Cyber-physical systems (CPS) are interconnections of heterogeneous hardware and software components (e.g., sensors, actuators, physical systems/processes, computational nodes and controllers, and communication subsystems). Increasing network connectivity of CPS computational nodes facilitates maintenance and on-demand reprogrammability and reduces operator workload. However, such increasing connectivity also raises the potential for cyber-attacks that attempt unauthorized modifications of run-time parameters or control logic in the computational nodes to hamper process stability or performance. In this paper, we analyze the effectiveness of real-time monitoring using digital and analog side channels. While analog side channels might not typically provide sufficient granularity to observe each iteration of a periodic loop in the code in the CPS device, the temporal averaging inherent to side channel sensory modalities enables observation of persistent changes to the contents of a computational loop through their resulting effect on the level of activity of the device. Changes to code can be detected by observing readings from side channel sensors over a period of time. Experimental studies are performed on an ARM-based single board computer.

2017-05-19
Hojjati, Avesta, Adhikari, Anku, Struckmann, Katarina, Chou, Edward, Tho Nguyen, Thi Ngoc, Madan, Kushagra, Winslett, Marianne S., Gunter, Carl A., King, William P..  2016.  Leave Your Phone at the Door: Side Channels That Reveal Factory Floor Secrets.
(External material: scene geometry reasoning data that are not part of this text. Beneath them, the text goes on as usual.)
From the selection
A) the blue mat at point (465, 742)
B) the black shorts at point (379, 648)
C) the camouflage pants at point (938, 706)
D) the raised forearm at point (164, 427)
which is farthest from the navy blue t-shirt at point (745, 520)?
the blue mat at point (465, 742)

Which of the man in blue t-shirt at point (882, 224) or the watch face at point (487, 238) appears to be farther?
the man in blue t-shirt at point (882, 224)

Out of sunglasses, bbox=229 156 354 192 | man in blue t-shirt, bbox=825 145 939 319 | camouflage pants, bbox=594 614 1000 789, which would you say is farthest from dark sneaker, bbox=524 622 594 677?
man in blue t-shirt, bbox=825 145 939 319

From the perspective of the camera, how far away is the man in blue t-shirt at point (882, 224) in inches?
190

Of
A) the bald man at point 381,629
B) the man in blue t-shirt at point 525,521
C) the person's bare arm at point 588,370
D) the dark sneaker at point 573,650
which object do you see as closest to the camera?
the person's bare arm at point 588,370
Proceedings of the 2016 ACM SIGSAC Conference on Computer and Communications Security. :883–894.

From pencils to commercial aircraft, every man-made object must be designed and manufactured. When it is cheaper or easier to steal a design or a manufacturing process specification than to invent one's own, the incentive for theft is present. As more and more manufacturing data comes online, incidents of such theft are increasing. In this paper, we present a side-channel attack on manufacturing equipment that reveals both the form of a product and its manufacturing process, i.e., exactly how it is made. In the attack, a human deliberately or accidentally places an attack-enabled phone close to the equipment or makes or receives a phone call on any phone nearby. The phone executing the attack records audio and, optionally, magnetometer data. We present a method of reconstructing the product's form and manufacturing process from the captured data, based on machine learning, signal processing, and human assistance. We demonstrate the attack on a 3D printer and a CNC mill, each with its own acoustic signature, and discuss the commonalities in the sensor data captured for these two different machines. We compare the quality of the data captured with a variety of smartphone models. Capturing data from the 3D printer, we reproduce the form and process information of objects previously unknown to the reconstructors. On average, our accuracy is within 1 mm in reconstructing the length of a line segment in a fabricated object's shape and within 1 degree in determining an angle in a fabricated object's shape. We conclude with recommendations for defending against these attacks.